=== INSTRUCTIONS FOR THE TASK ===
Each entry below should appear again exactly as written, without pictures.

=== DATA LISTING ===
=-=-=-=-=

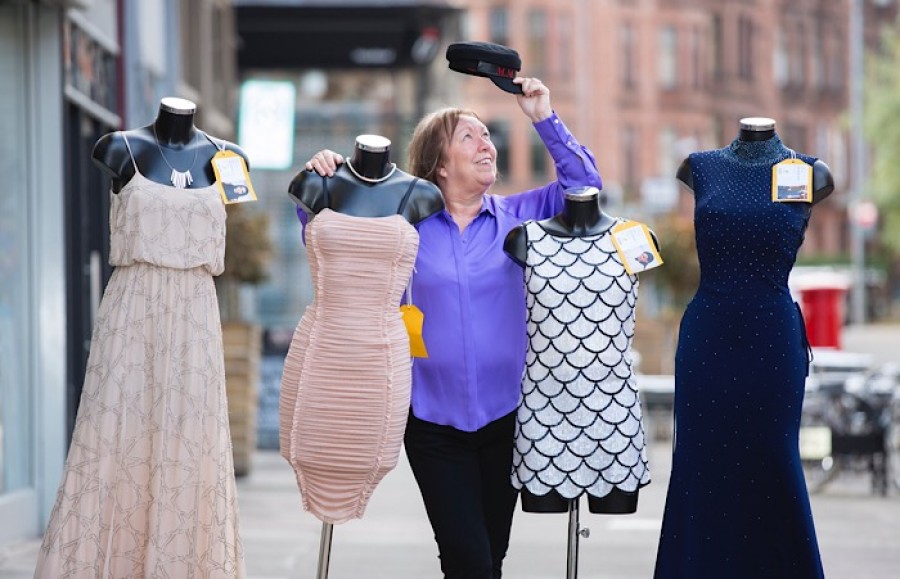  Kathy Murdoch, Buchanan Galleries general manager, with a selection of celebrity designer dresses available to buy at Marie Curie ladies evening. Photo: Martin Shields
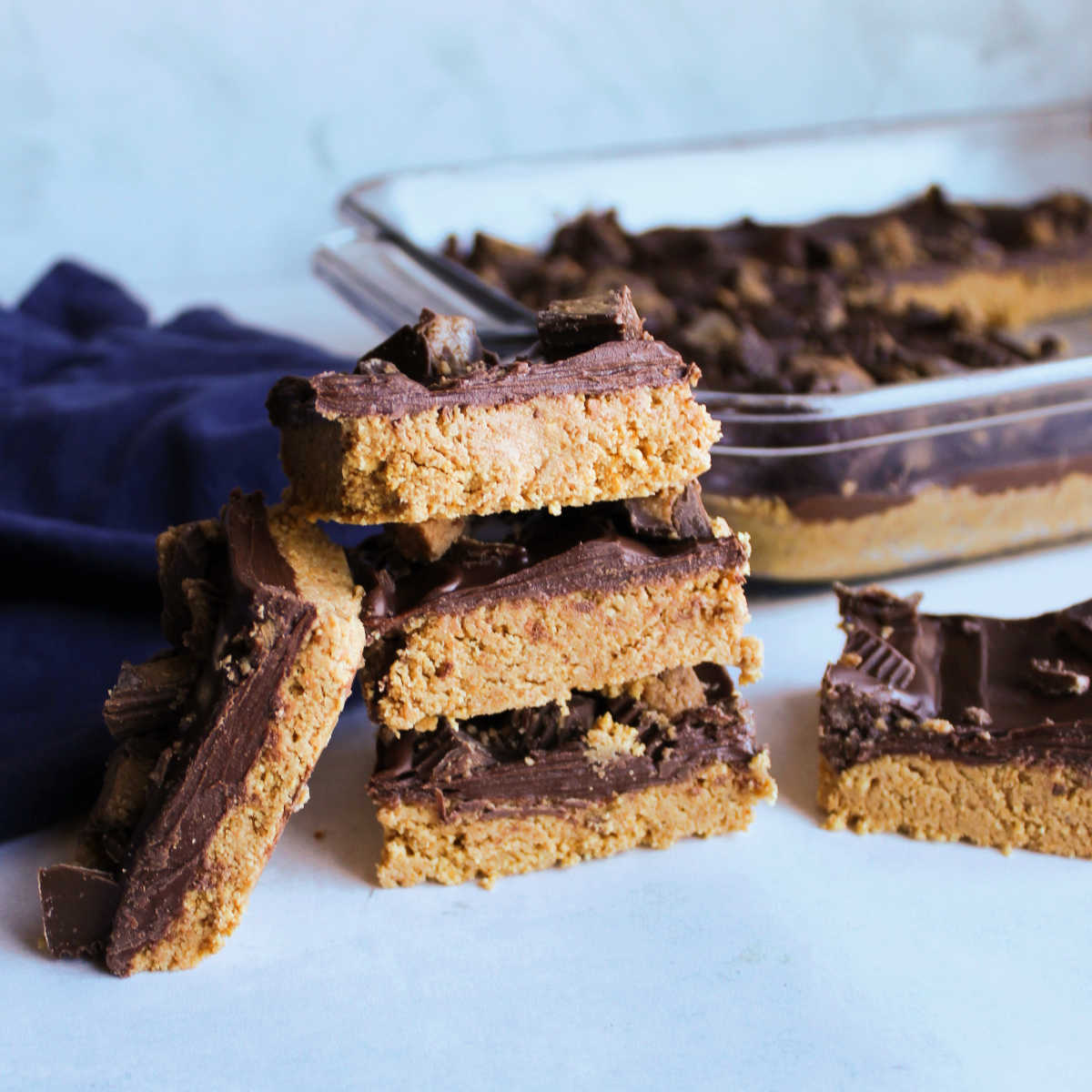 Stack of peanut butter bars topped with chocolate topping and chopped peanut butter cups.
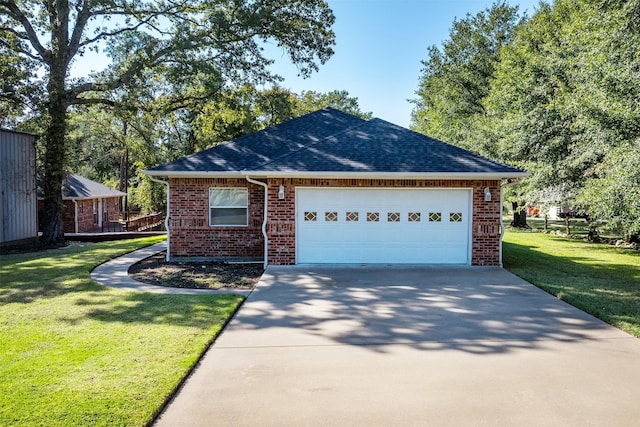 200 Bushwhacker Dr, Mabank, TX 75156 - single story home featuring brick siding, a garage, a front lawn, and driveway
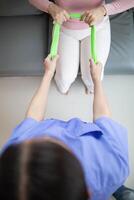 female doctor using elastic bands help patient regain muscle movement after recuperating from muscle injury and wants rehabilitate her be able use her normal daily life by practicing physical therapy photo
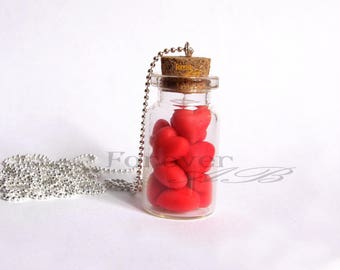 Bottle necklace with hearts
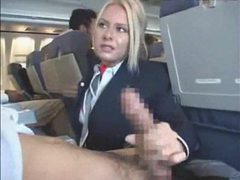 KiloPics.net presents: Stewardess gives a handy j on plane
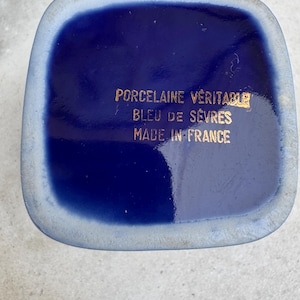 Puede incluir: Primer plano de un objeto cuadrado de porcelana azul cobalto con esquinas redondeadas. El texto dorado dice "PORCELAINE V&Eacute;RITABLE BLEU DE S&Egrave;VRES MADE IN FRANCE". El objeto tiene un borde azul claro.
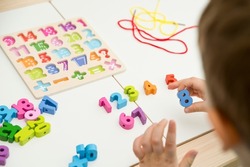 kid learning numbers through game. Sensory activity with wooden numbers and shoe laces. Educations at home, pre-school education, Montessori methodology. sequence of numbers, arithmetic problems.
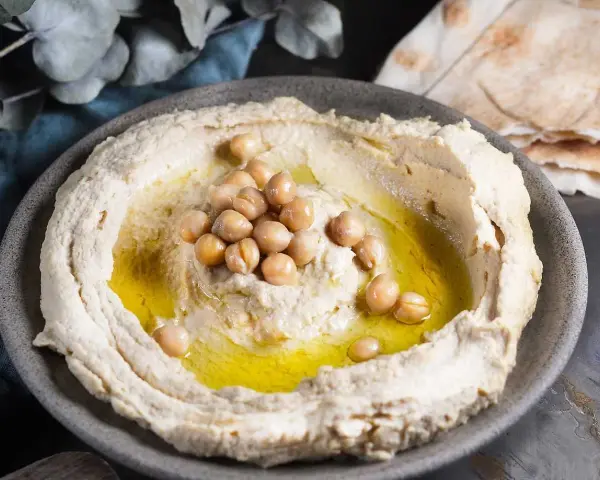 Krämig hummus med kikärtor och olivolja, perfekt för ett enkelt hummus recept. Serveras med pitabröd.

=-=-=-=-=

=== YOUR SOLUTION ===
  Kathy Murdoch, Buchanan Galleries general manager, with a selection of celebrity designer dresses available to buy at Marie Curie ladies evening. Photo: Martin Shields
 Stack of peanut butter bars topped with chocolate topping and chopped peanut butter cups.
 200 Bushwhacker Dr, Mabank, TX 75156 - single story home featuring brick siding, a garage, a front lawn, and driveway
 female doctor using elastic bands help patient regain muscle movement after recuperating from muscle injury and wants rehabilitate her be able use her normal daily life by practicing physical therapy photo
 Bottle necklace with hearts
 KiloPics.net presents: Stewardess gives a handy j on plane
 Puede incluir: Primer plano de un objeto cuadrado de porcelana azul cobalto con esquinas redondeadas. El texto dorado dice "PORCELAINE V&Eacute;RITABLE BLEU DE S&Egrave;VRES MADE IN FRANCE". El objeto tiene un borde azul claro.
 kid learning numbers through game. Sensory activity with wooden numbers and shoe laces. Educations at home, pre-school education, Montessori methodology. sequence of numbers, arithmetic problems.
 Krämig hummus med kikärtor och olivolja, perfekt för ett enkelt hummus recept. Serveras med pitabröd.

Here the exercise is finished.